The drive up went very smooth with no wrong turns or unexpected detours, we initially targeted the GPS to the circuit but a bit of button pushing wiped our destination and somehow blocked the menu to reset it, resorting to the backup Google maps printouts. At the track there was a team of officials directing traffic and dealing with over excited foreigners. There is a few parking areas at the track and we had no idea which lead to the best vantage point so the first was our initial idea, we jumped out and snapped away at the cars in the parking area.
First up was an insanely clean S14 neatly arranged next to a matching R32, both were spotless in bright white. The Silvia won best in the lot sitting low down with nice areo and surprisingly good choice of wheels.
Another quick shot of a Celsior tucking big rims.
We decided to keep moving to the top parking area. Driving through large areas of enthusiasts cars we were constantly spotting interesting rides but I’ll come back to that shortly. We moved quickly as we could hear practice was under way.
Okayama circuit is quite a large facility. The track sits recessed into a small valley leaving the tarmac out of view from anywhere other than right near the action, once in sight we were greeted with big entries, crowds and a huge TV.
We initially grabbed any spot to see some runs, most drivers were pushing to the point of having way to much speed and running into the sand trap. Shortly after the show was under way, If you haven’t seen D1GP in the flesh you’d be surprised amount of organisation. A crew of officials directed each driver as the announcers introduced everyone in order of the current series points. Have a look at Tokita’s wheels, the same as the S14 in the car park. I have a feeling this might me the next trend from Japan that will inspire owners of newer model cars.
A short? Ten minute drivers briefing lead up to the start of qualifying. There are more teams at a D1 event then spaces in the top 16, qualifying was extremely competitive. With such a quality field scores below 90 were risking not making the cut. Video will be the only way to portray the intensity at a high speed track.
Prior to battles there was a mid morning pit walk, we figured that queuing up early would give us the most time possible to walk through. The Japanese organisational traits were back in swing with a “pit walk” sign showing spectators where the queue was.
As we arrived.
Three battles of cars were on track for the first round, surprisingly there was a pretty relaxed feeling with crew members joking around with water spray bottles.
Most drivers had a spectator friendly setup, handing out fans with car and driver pictures. Some had printed photos to hand out, each generating quite long queues.

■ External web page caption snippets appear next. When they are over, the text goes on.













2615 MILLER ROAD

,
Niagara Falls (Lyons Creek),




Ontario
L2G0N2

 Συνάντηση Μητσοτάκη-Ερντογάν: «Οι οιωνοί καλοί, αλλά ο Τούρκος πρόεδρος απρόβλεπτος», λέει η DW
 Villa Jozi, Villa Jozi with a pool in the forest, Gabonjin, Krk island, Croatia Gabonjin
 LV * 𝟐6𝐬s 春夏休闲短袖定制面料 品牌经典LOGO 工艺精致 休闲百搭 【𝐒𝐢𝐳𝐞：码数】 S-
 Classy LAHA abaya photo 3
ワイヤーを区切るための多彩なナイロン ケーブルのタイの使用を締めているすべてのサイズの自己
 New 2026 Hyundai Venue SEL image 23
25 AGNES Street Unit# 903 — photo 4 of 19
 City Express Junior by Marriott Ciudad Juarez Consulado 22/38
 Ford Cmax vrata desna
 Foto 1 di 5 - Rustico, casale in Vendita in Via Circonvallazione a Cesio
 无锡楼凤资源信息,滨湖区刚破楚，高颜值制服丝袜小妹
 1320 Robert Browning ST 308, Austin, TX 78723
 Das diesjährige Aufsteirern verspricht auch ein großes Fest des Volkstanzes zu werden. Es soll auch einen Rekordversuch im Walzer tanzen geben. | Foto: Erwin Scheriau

I spent my time juggling between photos with drivers and picking out interesting ideas in the cars which I could adapt into my own car.
The level of workmanship in every car was intense, relocating radiator and intercooler setups was the norm but Team Orange took it one step further.
Have a look at the carbon roof scoops that feed fresh air from the roof of the car into boot via the passenger area.
Have a close look in the interior, the radiator lines travel under the passenger and back into the engine bay.
As I reached the last car, Hideo Itakura’s RA28 the security was closing the pit lane by walking with a line of yellow tape.